##### Data below #####

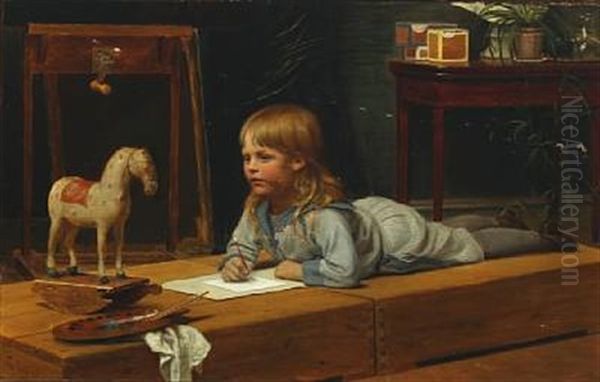 A Young Artist In Sailor Suit Is Painting His Rocking Horse Oil Painting by Wilhelm Pacht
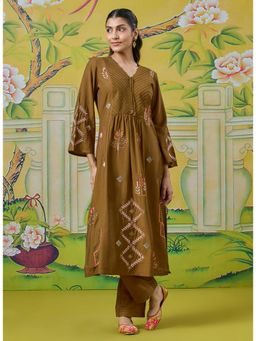Lakshita - Women Olive Festive A-Line Fit Kurta and Pant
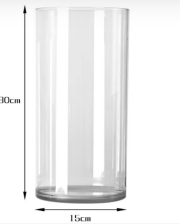 Ваза пластиковая Цилиндр 15х30 см прозрачная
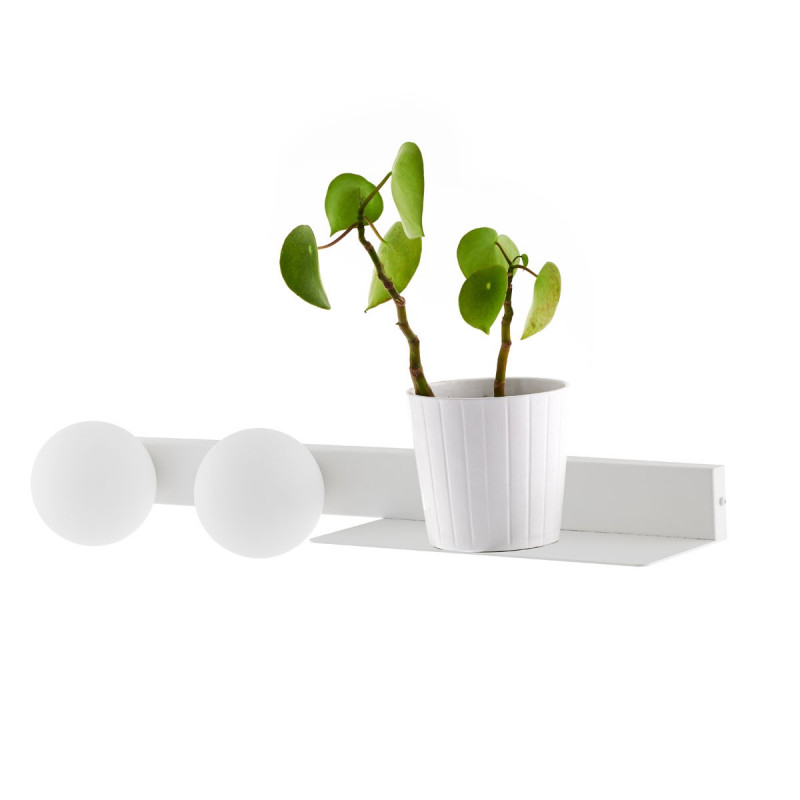 BOTANICA DECO white wall lamp with shelf KASPA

#####

### Directions for this task
Repeat verbatim the lines from the one holding "Ваза пластиковая Цилиндр 15х30 см прозрачная" through the end of the listing above, both ends included, but not the pictures.

### Result for this exercise
 Ваза пластиковая Цилиндр 15х30 см прозрачная
 BOTANICA DECO white wall lamp with shelf KASPA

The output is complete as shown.